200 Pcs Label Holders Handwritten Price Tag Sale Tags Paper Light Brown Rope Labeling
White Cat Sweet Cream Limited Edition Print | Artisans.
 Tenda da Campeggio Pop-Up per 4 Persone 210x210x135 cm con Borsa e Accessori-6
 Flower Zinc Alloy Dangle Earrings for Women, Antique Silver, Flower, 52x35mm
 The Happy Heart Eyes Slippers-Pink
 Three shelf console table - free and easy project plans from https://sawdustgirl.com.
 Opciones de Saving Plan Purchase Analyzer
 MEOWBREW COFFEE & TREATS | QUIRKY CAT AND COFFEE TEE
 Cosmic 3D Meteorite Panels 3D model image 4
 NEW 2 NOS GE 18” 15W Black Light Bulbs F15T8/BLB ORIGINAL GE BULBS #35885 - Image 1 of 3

» Task requirements: A verbatim transcription is required of the lines from the one with "Three shelf console" through the final line of the entries above, and of nothing else.

» Solution:
 Three shelf console table - free and easy project plans from https://sawdustgirl.com.
 Opciones de Saving Plan Purchase Analyzer
 MEOWBREW COFFEE & TREATS | QUIRKY CAT AND COFFEE TEE
 Cosmic 3D Meteorite Panels 3D model image 4
 NEW 2 NOS GE 18” 15W Black Light Bulbs F15T8/BLB ORIGINAL GE BULBS #35885 - Image 1 of 3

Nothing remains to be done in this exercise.